# Task description:
Go to the line that contains "If you want to know", then write out that line and all that follow to the end of the listing, exactly and without pictures.

# Extracted material:

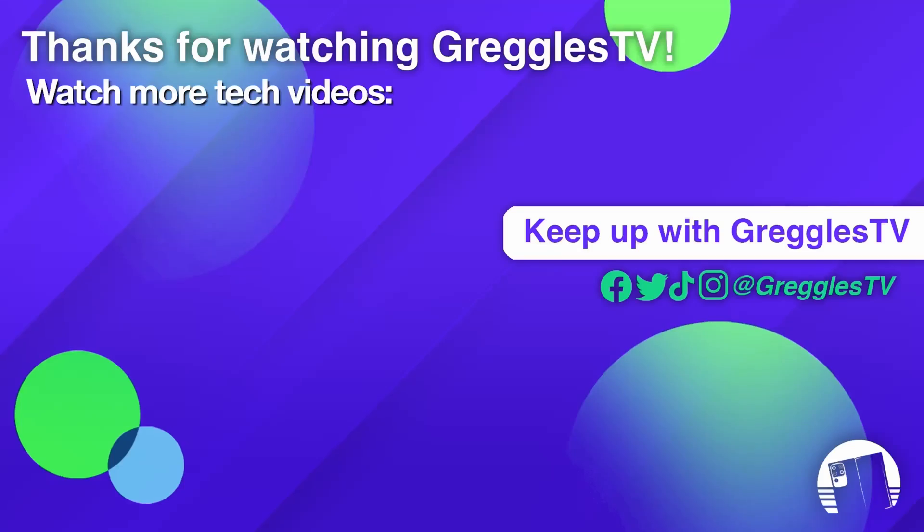Thanks for your questions. If you have a question, leave it in the comments down below. Have a great day and we'll see you down the road. Peace.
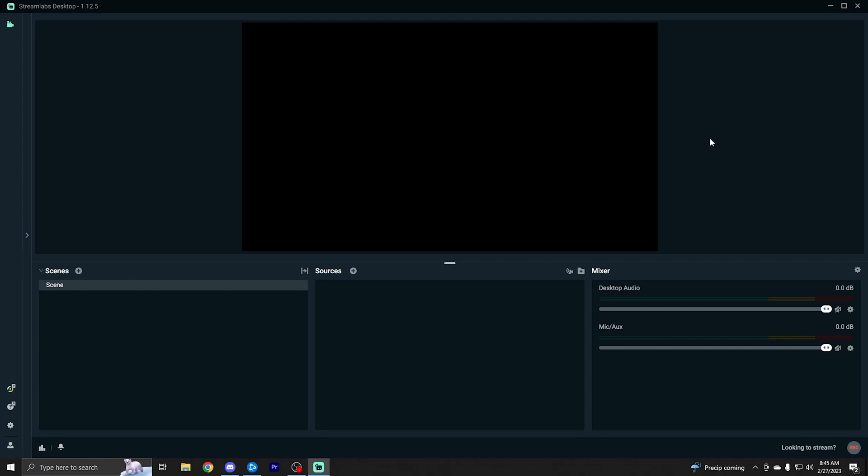Welcome back to the channel guys. This video is going to be a complete setup guide for Streamlabs Desktop. If you want to download Streamlabs Desktop for free, click the link in the description and download it and open it up so you can follow along. So let's go ahead and get started.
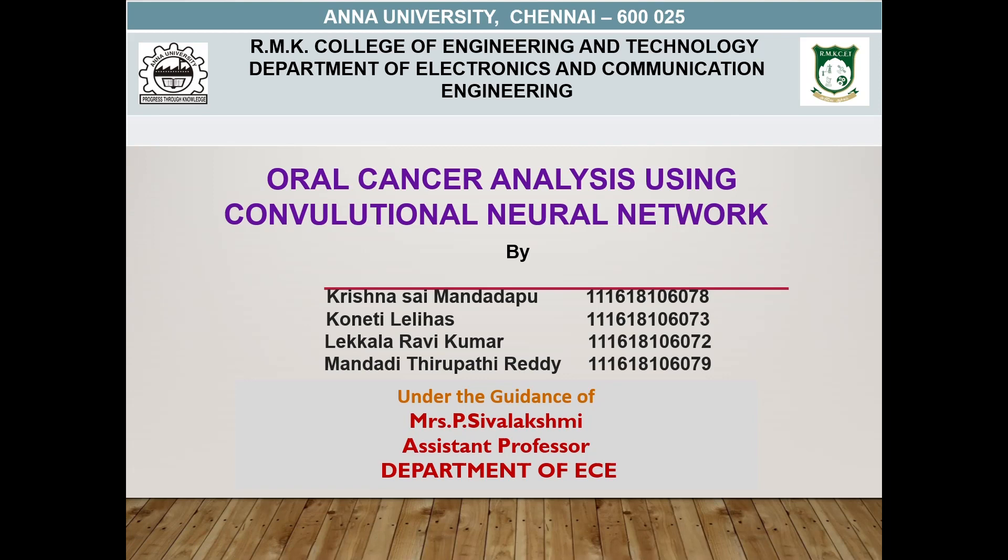Hi everyone, myself Lilias. I am doing my graduation in B.E. ECE Department at RMK College of Engineering and Technology. My teammates are Krishnasai Mandapu, Lekala Ravikumar, and Mandadi Kirupaterati.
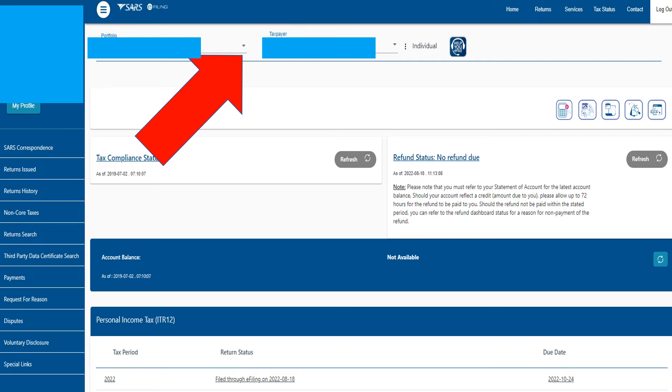If you want to know how to work your SARS e-filing profile for your company or business, this video is going to show you quite a few things you can do, such as accessing your business portfolio.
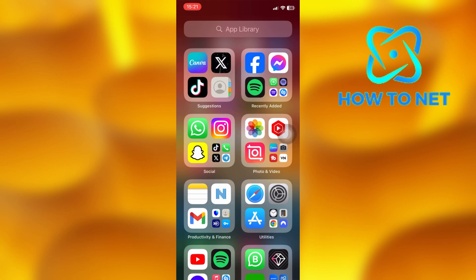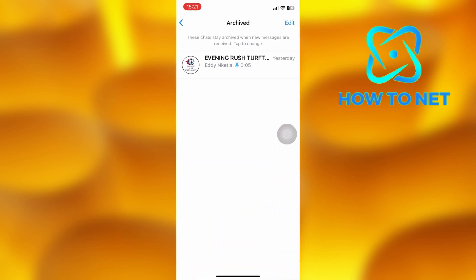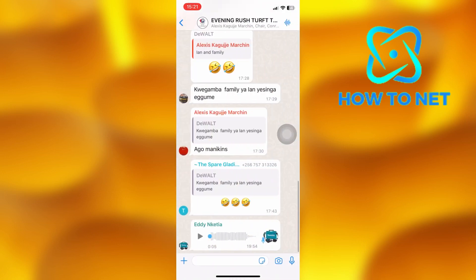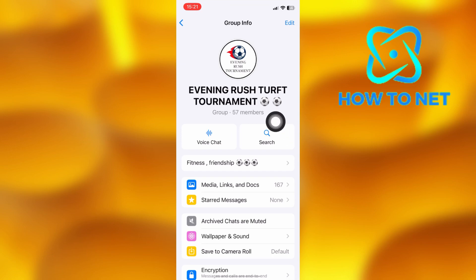To do this, simply open up your WhatsApp. Head into the group chat. Tap right here to head into your group info. You will see the option of voice chat. To start up an audio call in your WhatsApp group, click on it.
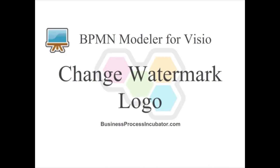Welcome to this BPMN modeler for Visio demonstration. In this demo, we will showcase how to change the watermark logo.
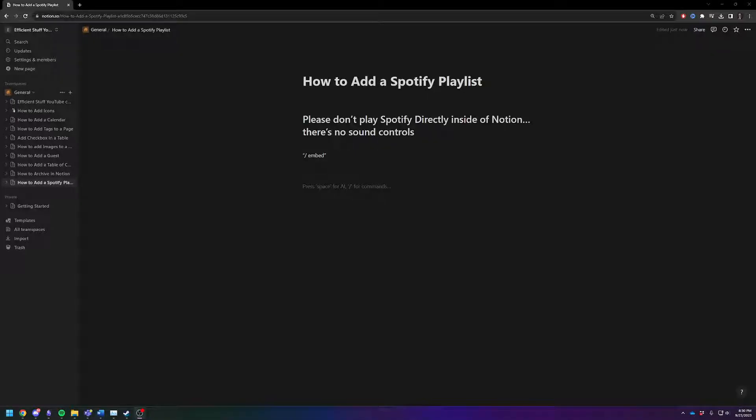Hey there, Adam here. Today I'm going to show you how to add an embedded Spotify playlist inside of your Notion if for some reason you want to do that.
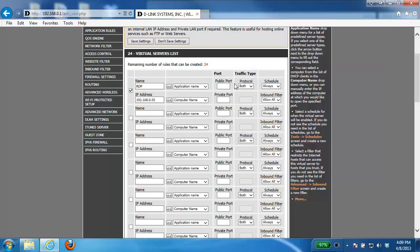Next comes the port. So here is where we need to enter in the port that we want to open. So in both boxes here, the public port and the private port, you want to enter in your single port. So remote desktop uses port 3389. So I'm going to go ahead and enter that in both boxes.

# Response below:
If you want to know how to work your SARS e-filing profile for your company or business, this video is going to show you quite a few things you can do, such as accessing your business portfolio.
To do this, simply open up your WhatsApp. Head into the group chat. Tap right here to head into your group info. You will see the option of voice chat. To start up an audio call in your WhatsApp group, click on it.
Welcome to this BPMN modeler for Visio demonstration. In this demo, we will showcase how to change the watermark logo.
Hey there, Adam here. Today I'm going to show you how to add an embedded Spotify playlist inside of your Notion if for some reason you want to do that.
Next comes the port. So here is where we need to enter in the port that we want to open. So in both boxes here, the public port and the private port, you want to enter in your single port. So remote desktop uses port 3389. So I'm going to go ahead and enter that in both boxes.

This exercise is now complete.